Data excerpts:

>>

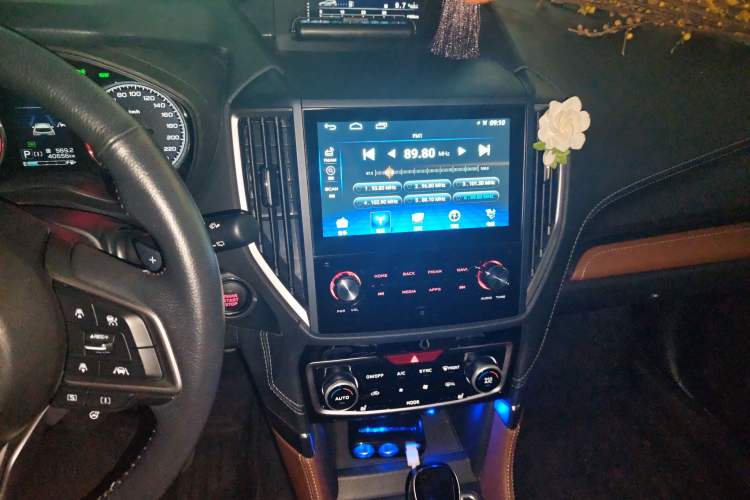 Used Subaru Forester 2021 2.0i e-Boxer Flagship Edition with EyeSight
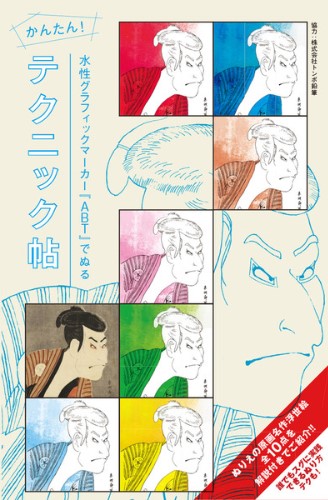 和樂ArtBOX ぬりえで浮世絵 グラフィックマーカーセット』 和樂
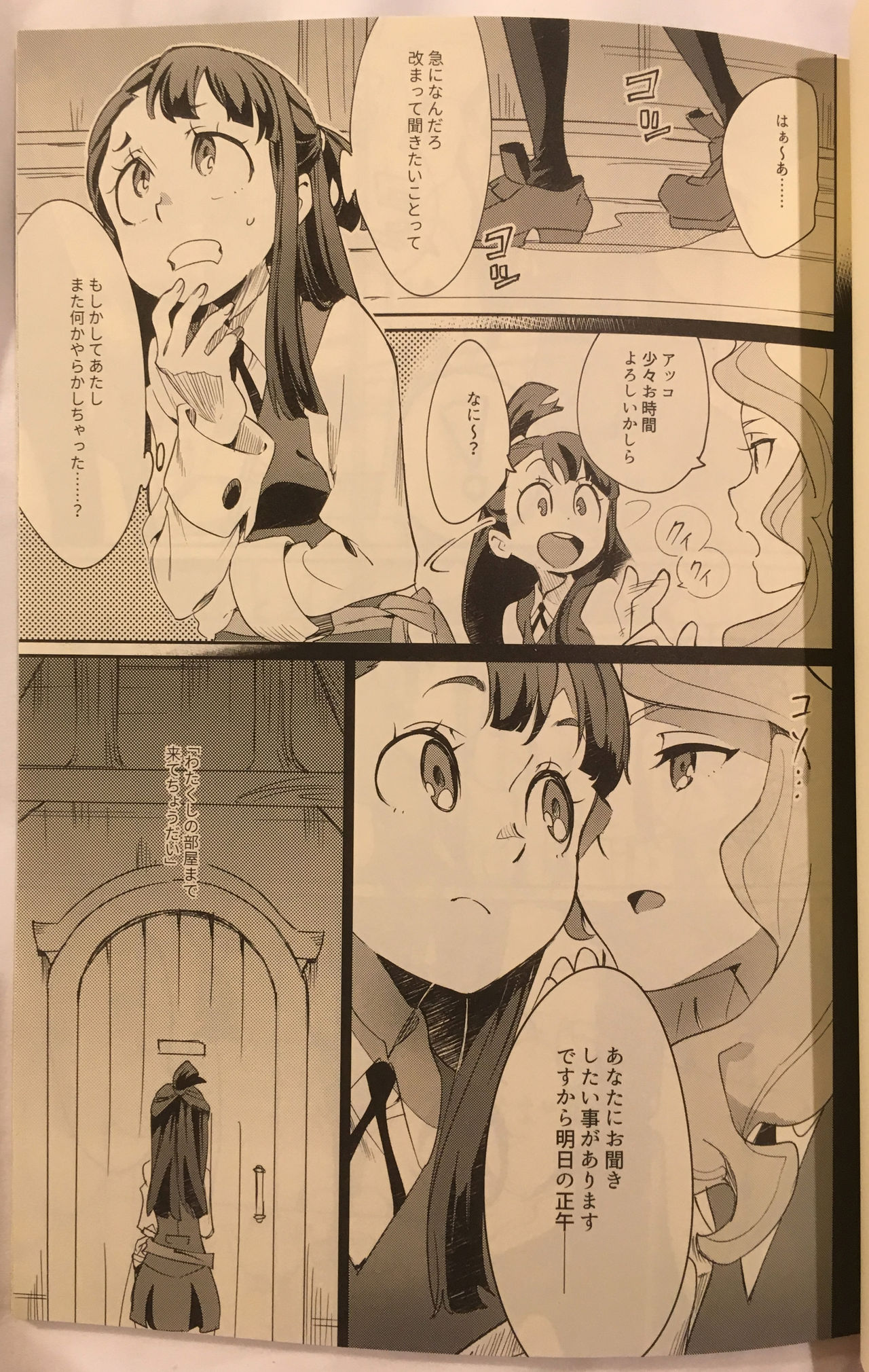 xxx page 3 full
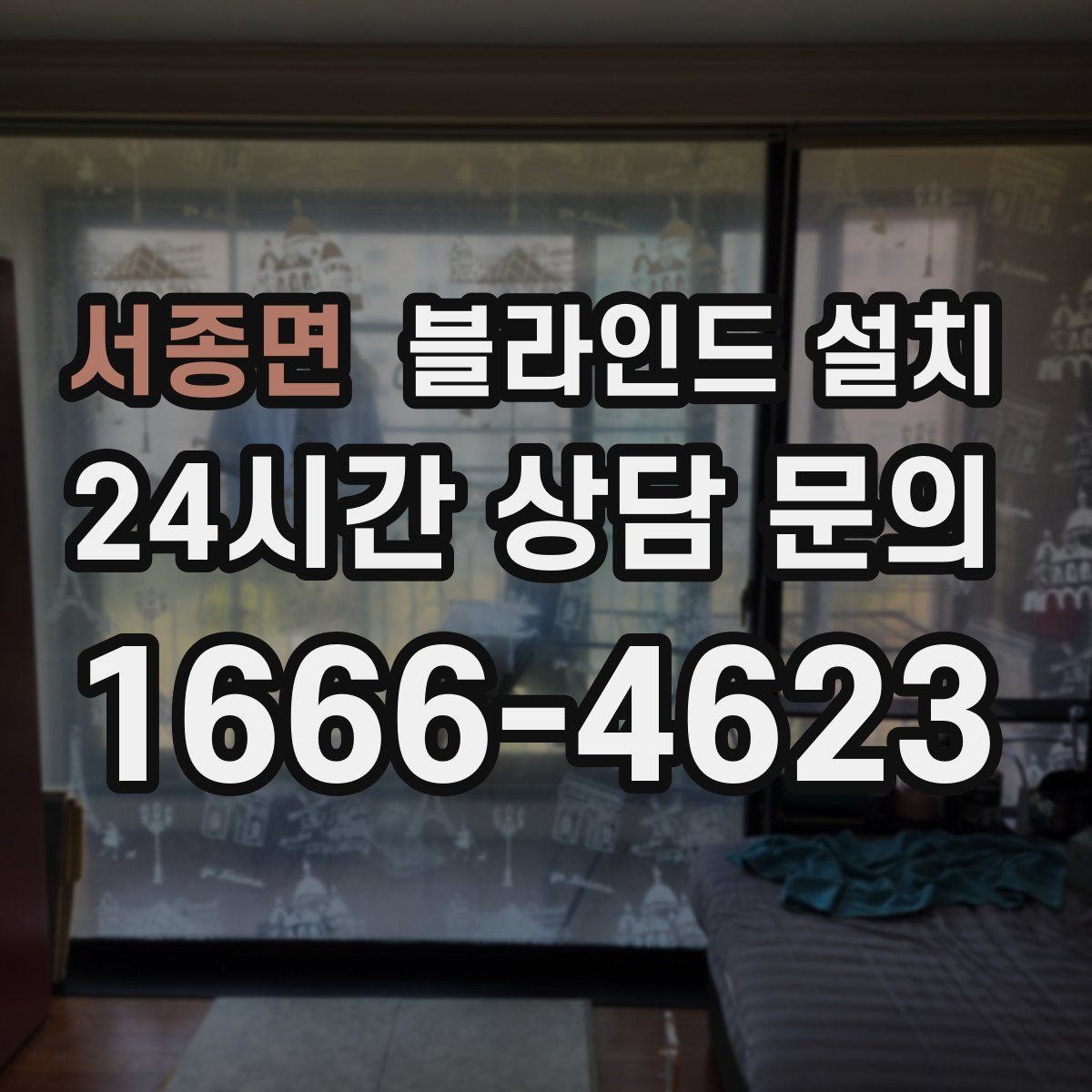 서종면 블라인드 설치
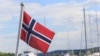 Власти Норвегии раскрыли личность предполагаемого российского агента
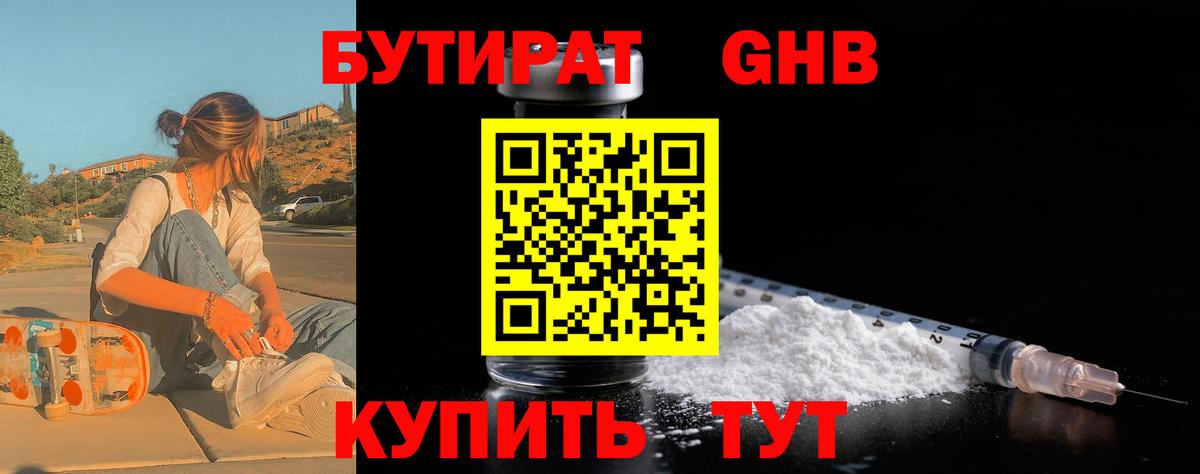 Бутират  БУТИРАТ вода  Вход с VPN  Северобайкальск 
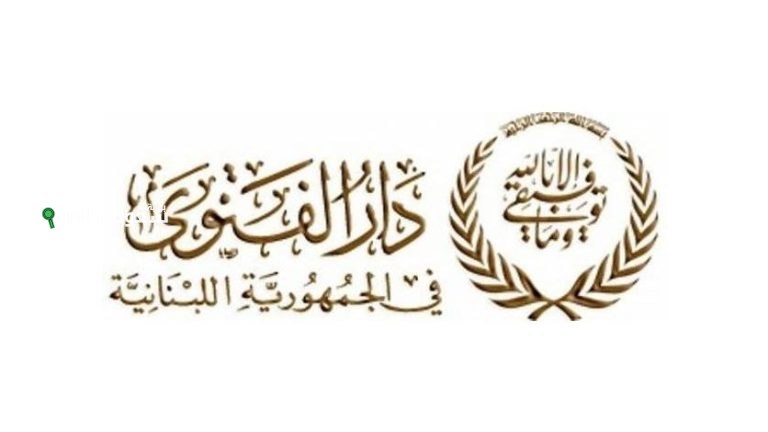 دار الفتوى اللبنانية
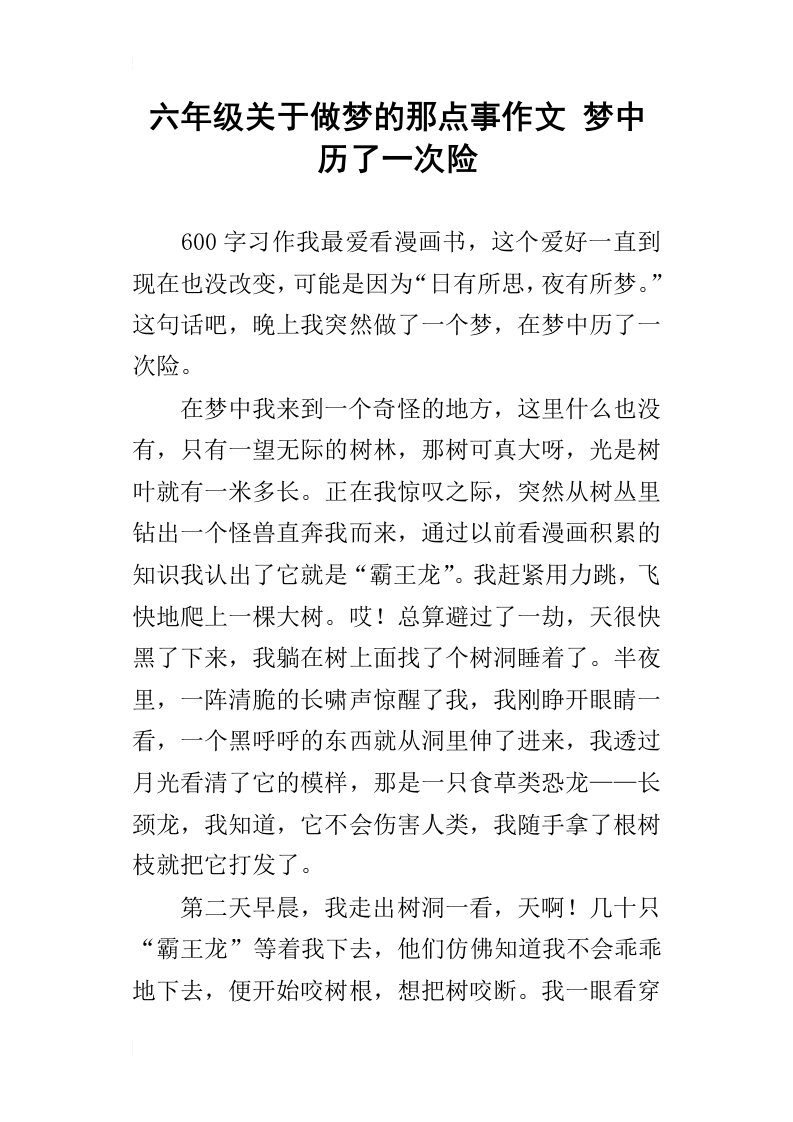 六年级关于做梦的那点事作文梦中历了一次险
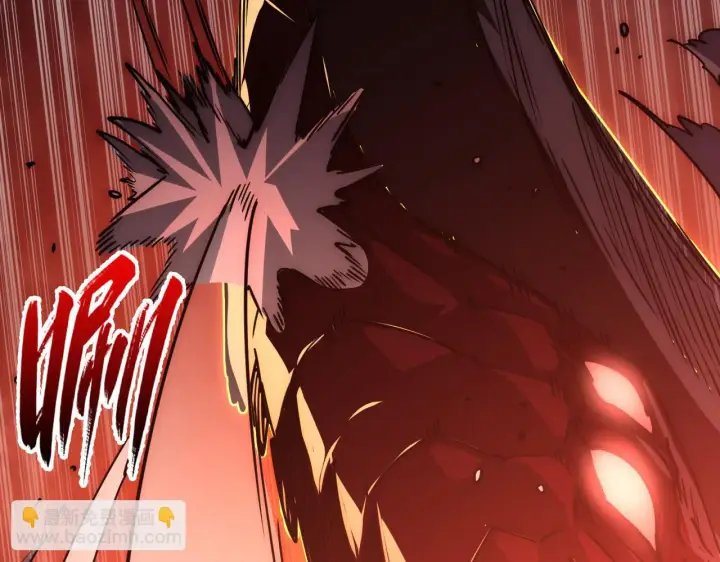漫画《从末世崛起》226 目标！炎狱之门！第112张图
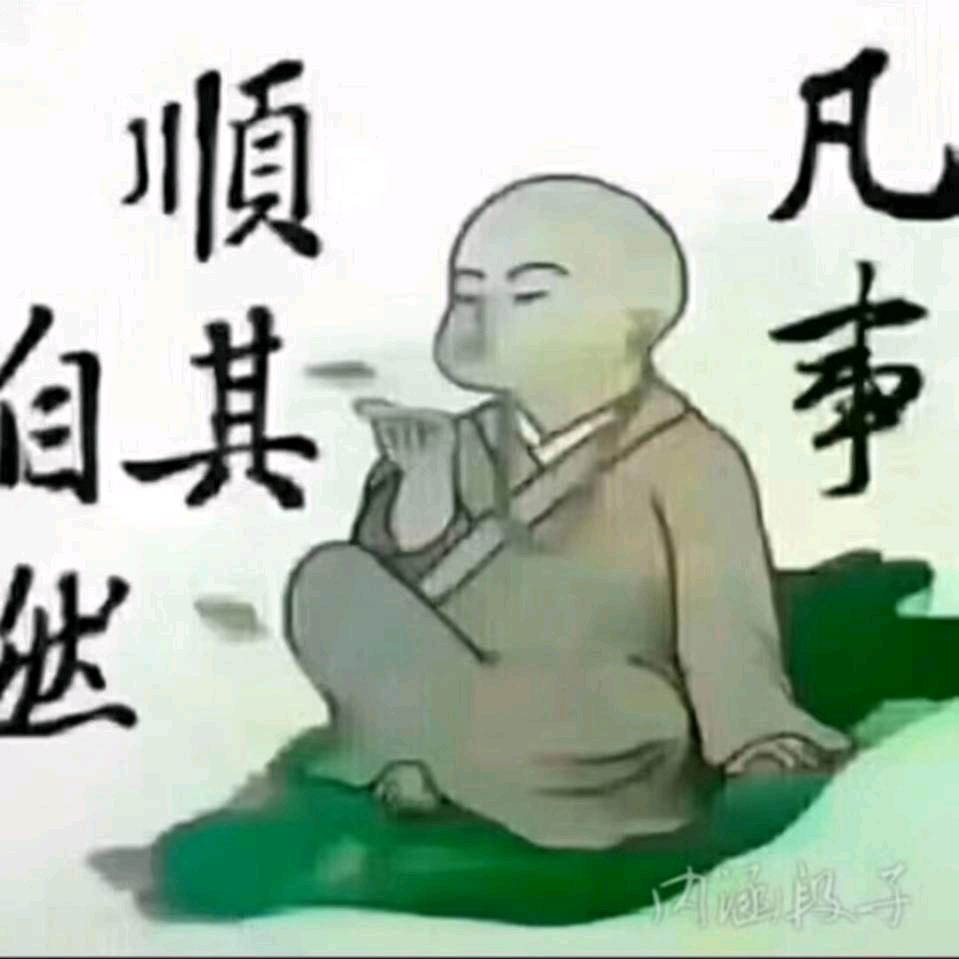 缘分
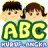 icon Belajar ABC-123 3.03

<<

Aim of the task: Could you reproduce exactly, and only, the lines from the one containing "六年级关于做梦的那点事作文梦中历了一次险" through the end of the records above, both included, while leaving out the pictures?

Problem solution:
 六年级关于做梦的那点事作文梦中历了一次险
漫画《从末世崛起》226 目标！炎狱之门！第112张图
 缘分
 icon Belajar ABC-123 3.03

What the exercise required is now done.